- [TASK BRIEF] Below are some records. How many of their lines contain the string "wearing"? Give the number only.

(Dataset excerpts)
++++++++++++++++++++
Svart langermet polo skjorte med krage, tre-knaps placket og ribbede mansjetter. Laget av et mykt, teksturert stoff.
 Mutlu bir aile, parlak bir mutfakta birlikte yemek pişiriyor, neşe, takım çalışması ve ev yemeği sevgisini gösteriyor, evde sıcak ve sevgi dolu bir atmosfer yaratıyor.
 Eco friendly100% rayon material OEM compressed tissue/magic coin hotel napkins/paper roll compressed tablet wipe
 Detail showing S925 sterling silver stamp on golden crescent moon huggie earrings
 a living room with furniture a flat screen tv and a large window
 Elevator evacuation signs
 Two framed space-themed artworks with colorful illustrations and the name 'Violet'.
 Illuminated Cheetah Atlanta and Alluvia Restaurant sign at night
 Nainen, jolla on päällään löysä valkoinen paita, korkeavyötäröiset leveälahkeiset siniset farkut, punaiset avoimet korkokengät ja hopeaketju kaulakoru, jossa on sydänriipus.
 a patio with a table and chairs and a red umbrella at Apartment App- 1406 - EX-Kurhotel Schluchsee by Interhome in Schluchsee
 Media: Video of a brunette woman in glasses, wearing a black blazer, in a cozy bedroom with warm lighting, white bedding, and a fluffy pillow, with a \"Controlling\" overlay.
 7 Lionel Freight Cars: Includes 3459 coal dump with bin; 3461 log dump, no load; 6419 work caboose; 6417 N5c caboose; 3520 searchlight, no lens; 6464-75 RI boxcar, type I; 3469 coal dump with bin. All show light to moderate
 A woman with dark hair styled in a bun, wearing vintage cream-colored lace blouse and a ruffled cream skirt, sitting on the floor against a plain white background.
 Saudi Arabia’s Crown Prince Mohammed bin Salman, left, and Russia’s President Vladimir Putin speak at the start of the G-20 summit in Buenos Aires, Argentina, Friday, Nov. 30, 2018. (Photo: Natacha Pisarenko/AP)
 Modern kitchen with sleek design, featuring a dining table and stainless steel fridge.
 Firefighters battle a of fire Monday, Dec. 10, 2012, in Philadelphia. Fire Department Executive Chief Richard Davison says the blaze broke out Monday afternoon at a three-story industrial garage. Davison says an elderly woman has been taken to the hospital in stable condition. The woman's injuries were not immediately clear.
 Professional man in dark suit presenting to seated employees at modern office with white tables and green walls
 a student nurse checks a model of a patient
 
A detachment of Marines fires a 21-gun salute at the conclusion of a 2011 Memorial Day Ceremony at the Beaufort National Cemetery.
++++++++++++++++++++
- [TASK RESPONSE] 2